DATASET RECORDS
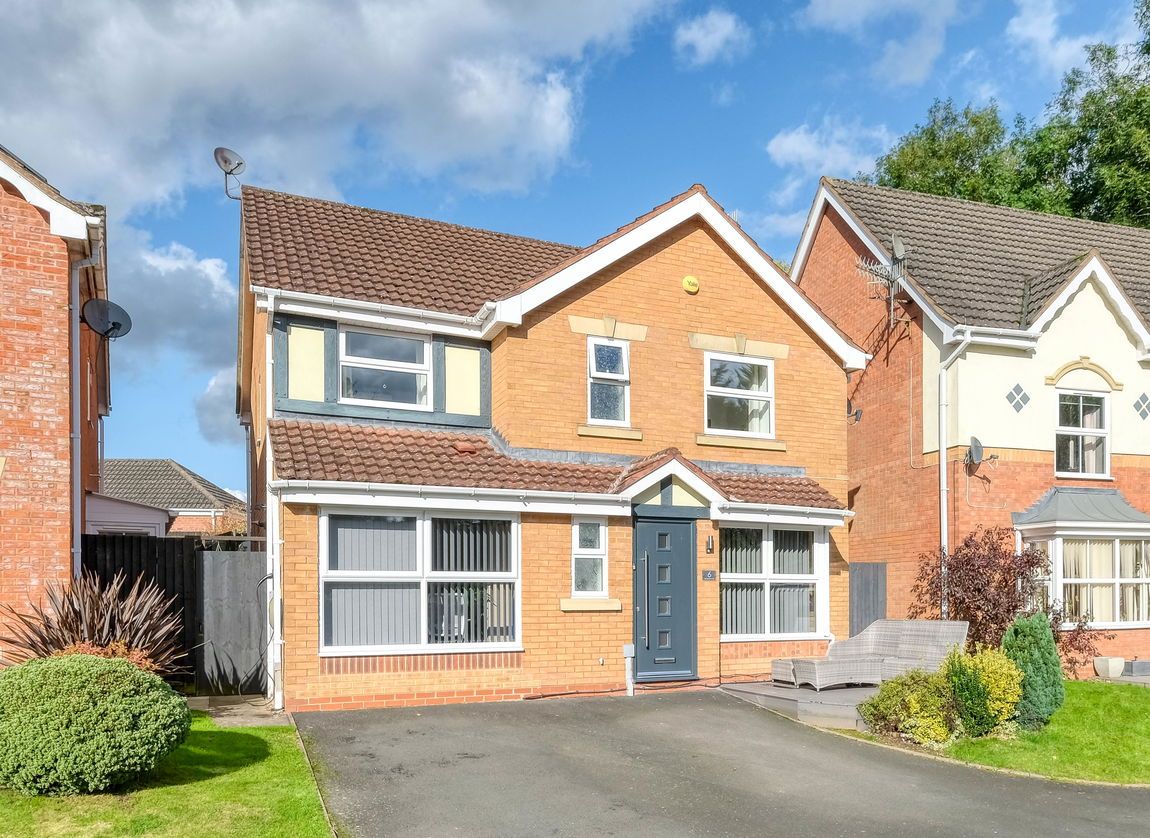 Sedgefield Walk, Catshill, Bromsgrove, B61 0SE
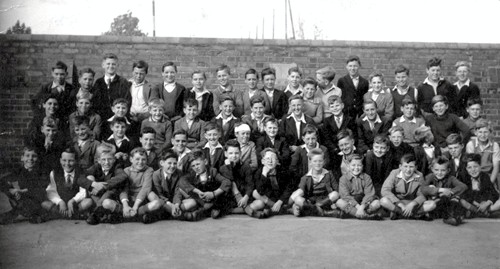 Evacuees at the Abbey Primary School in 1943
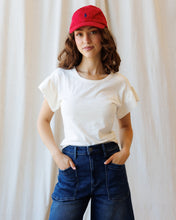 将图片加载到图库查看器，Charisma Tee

---

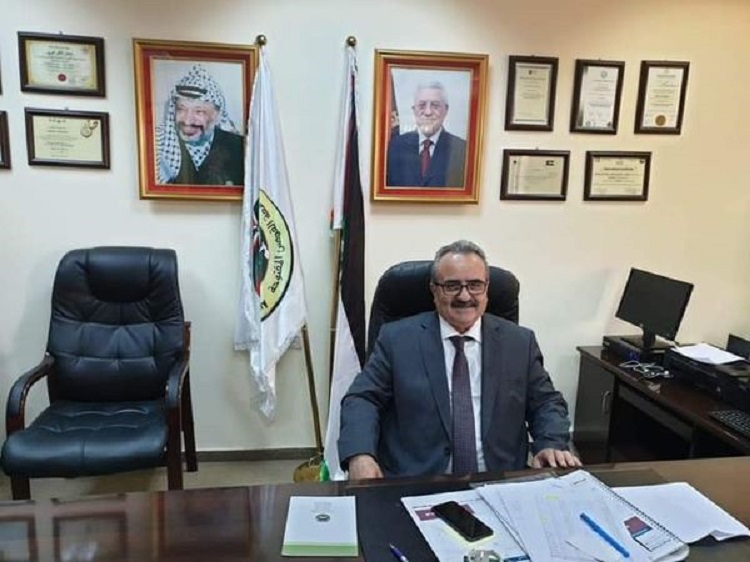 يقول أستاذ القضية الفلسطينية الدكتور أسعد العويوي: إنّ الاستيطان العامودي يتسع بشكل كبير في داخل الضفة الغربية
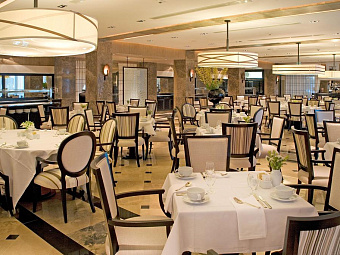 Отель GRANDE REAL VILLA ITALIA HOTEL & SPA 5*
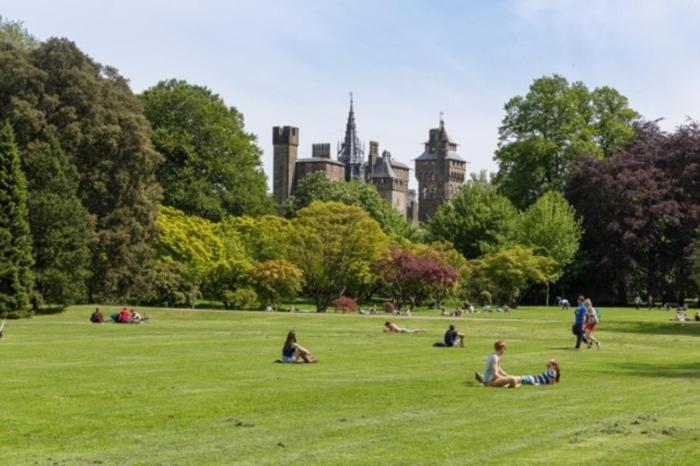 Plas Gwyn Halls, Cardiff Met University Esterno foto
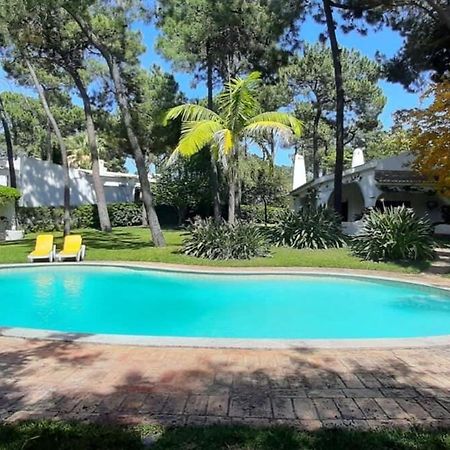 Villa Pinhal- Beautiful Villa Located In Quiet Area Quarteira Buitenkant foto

* * *

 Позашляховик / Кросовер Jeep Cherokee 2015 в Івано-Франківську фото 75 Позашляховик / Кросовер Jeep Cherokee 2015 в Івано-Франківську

ASSIGNMENT
Would you set down only the lines above from the line with "Sedgefield Walk, Catshill, Bromsgrove, B61" to the line with "将图片加载到图库查看器，Charisma Tee", both included, exactly as they stand and without the pictures?

YOUR RESPONSE
 Sedgefield Walk, Catshill, Bromsgrove, B61 0SE
 Evacuees at the Abbey Primary School in 1943
 将图片加载到图库查看器，Charisma Tee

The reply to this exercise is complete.